━━━━━ Entries supplied ━━━━━
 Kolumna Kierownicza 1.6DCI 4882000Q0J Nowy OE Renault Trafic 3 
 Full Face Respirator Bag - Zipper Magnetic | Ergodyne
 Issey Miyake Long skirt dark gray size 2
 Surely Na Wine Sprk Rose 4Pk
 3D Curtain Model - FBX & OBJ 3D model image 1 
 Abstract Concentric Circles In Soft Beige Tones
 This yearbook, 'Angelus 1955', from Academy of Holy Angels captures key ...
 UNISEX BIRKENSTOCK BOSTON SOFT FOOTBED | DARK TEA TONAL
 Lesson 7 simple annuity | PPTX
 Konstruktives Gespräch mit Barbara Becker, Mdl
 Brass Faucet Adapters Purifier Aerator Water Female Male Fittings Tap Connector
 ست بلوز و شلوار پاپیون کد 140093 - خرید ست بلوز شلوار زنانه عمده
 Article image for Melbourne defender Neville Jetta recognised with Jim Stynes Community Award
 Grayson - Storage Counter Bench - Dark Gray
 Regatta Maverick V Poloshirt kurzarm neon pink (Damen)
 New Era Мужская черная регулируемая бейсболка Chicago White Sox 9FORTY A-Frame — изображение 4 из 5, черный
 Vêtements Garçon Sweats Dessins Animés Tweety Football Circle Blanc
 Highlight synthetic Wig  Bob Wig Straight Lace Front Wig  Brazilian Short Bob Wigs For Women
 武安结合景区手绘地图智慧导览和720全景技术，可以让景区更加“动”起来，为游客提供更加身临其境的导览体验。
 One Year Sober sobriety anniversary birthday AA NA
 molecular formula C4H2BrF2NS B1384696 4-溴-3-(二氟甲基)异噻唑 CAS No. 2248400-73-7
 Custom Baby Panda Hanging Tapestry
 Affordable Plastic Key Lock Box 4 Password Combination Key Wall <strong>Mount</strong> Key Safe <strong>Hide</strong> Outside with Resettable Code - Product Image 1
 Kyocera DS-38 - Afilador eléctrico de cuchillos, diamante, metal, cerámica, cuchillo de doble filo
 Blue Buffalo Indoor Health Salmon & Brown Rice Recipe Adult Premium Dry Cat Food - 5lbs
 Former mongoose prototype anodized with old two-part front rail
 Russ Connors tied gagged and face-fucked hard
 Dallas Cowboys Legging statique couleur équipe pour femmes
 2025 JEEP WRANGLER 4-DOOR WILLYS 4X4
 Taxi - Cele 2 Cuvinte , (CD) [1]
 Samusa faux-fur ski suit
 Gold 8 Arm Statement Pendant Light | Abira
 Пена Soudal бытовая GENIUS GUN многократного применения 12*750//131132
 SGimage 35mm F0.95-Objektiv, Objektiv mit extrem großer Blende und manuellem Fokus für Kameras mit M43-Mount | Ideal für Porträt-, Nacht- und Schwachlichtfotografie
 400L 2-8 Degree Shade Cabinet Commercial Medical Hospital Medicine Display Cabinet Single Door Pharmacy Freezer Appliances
━━━━━
The required output is every line above from the one with "ست بلوز و شلوار" down to the one with "New Era Мужская", restated word for word, ends included.

Exercise answer —
 ست بلوز و شلوار پاپیون کد 140093 - خرید ست بلوز شلوار زنانه عمده
 Article image for Melbourne defender Neville Jetta recognised with Jim Stynes Community Award
 Grayson - Storage Counter Bench - Dark Gray
 Regatta Maverick V Poloshirt kurzarm neon pink (Damen)
 New Era Мужская черная регулируемая бейсболка Chicago White Sox 9FORTY A-Frame — изображение 4 из 5, черный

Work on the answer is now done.